● **Entries provided**
== Segment start ==
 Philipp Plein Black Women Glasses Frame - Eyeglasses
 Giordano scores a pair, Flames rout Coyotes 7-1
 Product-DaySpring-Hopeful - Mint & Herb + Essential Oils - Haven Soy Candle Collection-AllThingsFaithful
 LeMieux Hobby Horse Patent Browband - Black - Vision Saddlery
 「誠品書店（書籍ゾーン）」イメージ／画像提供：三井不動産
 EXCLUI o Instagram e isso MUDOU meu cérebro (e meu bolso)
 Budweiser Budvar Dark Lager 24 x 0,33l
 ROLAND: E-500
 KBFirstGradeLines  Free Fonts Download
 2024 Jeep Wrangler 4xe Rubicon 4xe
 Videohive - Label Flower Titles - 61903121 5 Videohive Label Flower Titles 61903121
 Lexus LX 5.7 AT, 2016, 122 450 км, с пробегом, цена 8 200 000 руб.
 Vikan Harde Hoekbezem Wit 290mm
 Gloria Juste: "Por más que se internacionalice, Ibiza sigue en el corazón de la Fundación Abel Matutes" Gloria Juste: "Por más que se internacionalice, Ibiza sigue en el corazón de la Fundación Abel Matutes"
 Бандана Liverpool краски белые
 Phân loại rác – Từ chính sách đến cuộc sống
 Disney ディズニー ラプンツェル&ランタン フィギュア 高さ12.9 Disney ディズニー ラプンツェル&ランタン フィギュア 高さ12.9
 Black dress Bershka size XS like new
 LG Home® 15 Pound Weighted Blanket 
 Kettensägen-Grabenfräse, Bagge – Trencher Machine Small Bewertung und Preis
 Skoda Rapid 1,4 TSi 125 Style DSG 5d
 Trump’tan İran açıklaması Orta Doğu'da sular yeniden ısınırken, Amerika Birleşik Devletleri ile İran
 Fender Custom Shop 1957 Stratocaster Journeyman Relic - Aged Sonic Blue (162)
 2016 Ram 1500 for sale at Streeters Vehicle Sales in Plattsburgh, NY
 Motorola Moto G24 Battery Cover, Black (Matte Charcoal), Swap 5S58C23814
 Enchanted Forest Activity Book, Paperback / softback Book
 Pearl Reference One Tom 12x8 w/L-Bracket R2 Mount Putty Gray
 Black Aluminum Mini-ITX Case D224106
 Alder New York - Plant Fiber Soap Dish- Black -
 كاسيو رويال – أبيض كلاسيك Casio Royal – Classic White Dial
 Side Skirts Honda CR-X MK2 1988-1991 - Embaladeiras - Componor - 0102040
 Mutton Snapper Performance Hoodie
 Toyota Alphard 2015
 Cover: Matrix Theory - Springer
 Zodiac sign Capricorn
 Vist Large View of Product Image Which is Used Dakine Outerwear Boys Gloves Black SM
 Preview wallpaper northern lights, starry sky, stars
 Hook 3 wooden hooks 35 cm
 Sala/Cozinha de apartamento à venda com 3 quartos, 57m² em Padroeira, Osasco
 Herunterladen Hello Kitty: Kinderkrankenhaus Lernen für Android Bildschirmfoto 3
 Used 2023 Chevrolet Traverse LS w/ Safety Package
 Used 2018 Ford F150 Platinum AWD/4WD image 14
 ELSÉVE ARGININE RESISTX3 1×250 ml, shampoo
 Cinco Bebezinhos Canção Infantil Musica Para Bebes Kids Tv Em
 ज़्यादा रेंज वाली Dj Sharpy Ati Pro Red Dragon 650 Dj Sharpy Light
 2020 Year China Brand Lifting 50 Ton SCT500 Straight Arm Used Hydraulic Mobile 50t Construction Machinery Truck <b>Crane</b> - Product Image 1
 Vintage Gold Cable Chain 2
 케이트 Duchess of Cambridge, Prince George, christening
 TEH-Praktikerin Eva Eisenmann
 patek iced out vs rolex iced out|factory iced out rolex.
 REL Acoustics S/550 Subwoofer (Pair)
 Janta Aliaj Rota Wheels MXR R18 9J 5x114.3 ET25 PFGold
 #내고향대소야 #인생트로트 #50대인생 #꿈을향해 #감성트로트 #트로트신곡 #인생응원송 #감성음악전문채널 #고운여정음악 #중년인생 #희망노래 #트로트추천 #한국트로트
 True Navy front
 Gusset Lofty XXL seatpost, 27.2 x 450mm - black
== Segment end ==
All that belongs in the answer is the run of lines above from the line containing "Kettensägen-Grabenfräse, Bagge –" through the line containing "Pearl Reference One", exactly as written.

 Kettensägen-Grabenfräse, Bagge – Trencher Machine Small Bewertung und Preis
 Skoda Rapid 1,4 TSi 125 Style DSG 5d
 Trump’tan İran açıklaması Orta Doğu'da sular yeniden ısınırken, Amerika Birleşik Devletleri ile İran
 Fender Custom Shop 1957 Stratocaster Journeyman Relic - Aged Sonic Blue (162)
 2016 Ram 1500 for sale at Streeters Vehicle Sales in Plattsburgh, NY
 Motorola Moto G24 Battery Cover, Black (Matte Charcoal), Swap 5S58C23814
 Enchanted Forest Activity Book, Paperback / softback Book
 Pearl Reference One Tom 12x8 w/L-Bracket R2 Mount Putty Gray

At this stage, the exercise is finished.